A Movement Emerges

In the mid-1990s, scores of community-based projects were underway throughout Southeast Asia and the Pacific. While communities were increasingly being engaged, the approaches were largely top down and largely led by outside scientists with little knowledge of local communities, cultures and priorities. The end result was little benefits for the resources and the people who depended on them.

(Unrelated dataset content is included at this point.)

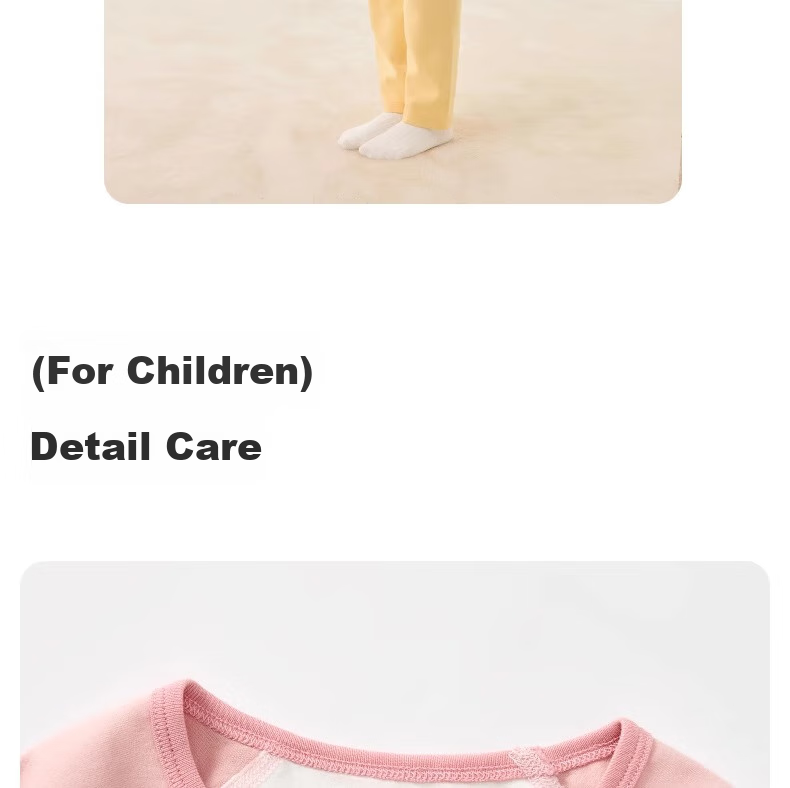 Niduoxiong Winter Baby High-Waist Waist Protection Underwear Set, Children's Pajamas, Infant Cotton Breathable Sleepwear, Warm Underwear for Autumn And Winter 33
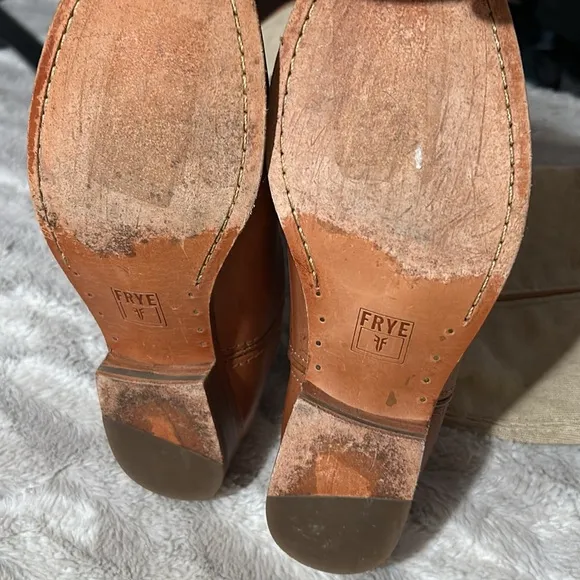 Frye 76170 Melissa Button Leather Canvas Riding Boots Size 7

Meanwhile, a new movement was emerging. Three sites that were part of a Biodiversity Conservation Network project (supported by the Biodiversity Support Program to conduct an assessment of economic incentives for natural resource conservation) focused on building community involvement in monitoring and evaluating marine resources. These included sites in Fiji, West Papau India and the Solomons, which would later become the founding sites of the LMMA Network.

Why LMMA?

The term ‘LMMA’ was agreed upon by over 100 conservation practitioners working throughout Asia and the Pacific during meetings held in 2000 to introduce the idea of forming the network. The phrase “locally-managed” was preferred over “community-based” because participants felt it better represented the work they were doing, which usually involved co-management by the community together with traditional leaders, local or state government agencies, and/or a non-government organisation or university.

A Network is Born

In the late 1990s, as more evidence grew about both the need and effectiveness of helping communities take the lead, staff from various organisations working throughout Southeast Asia and the Pacific also recognised that although there was increasing number of initiatives involving community-based marine conservation taking place – and that many of them overlapped – they were not effectively sharing resources or information, and thus not learning as much as they could from each others’ successes and shortcomings.

These were the seeds for the LMMA Network, as these practitioners began advocating bringing the growing projects together to learn collectively and improve their outcomes and conservation impact.

By August 2000, more than 100 conservation practitioners from 20 projects in 12 countries across Southeast Asia and the Pacific gathered to discuss how to work and learn together. At that August meeting, a key focus was the factors they believed would influence the success or failure of their projects, and how to measure success, so best practices could be shared and scaled-up. Out of this, the LMMA Network was born.

LMMA Today

Today, LMMA supports Networks in Indonesia, the Philippines, Papua New Guinea, Palau, Pohnpei, Fiji and the Solomon Islands, and engages with more than 15 other countries in the Indo Pacific. Increasingly, the LMMA Network is sharing its lessons globally, with increased interest not only in improved conservation outcomes, but also with an increased focus on social justice and the rights of traditional resource owners.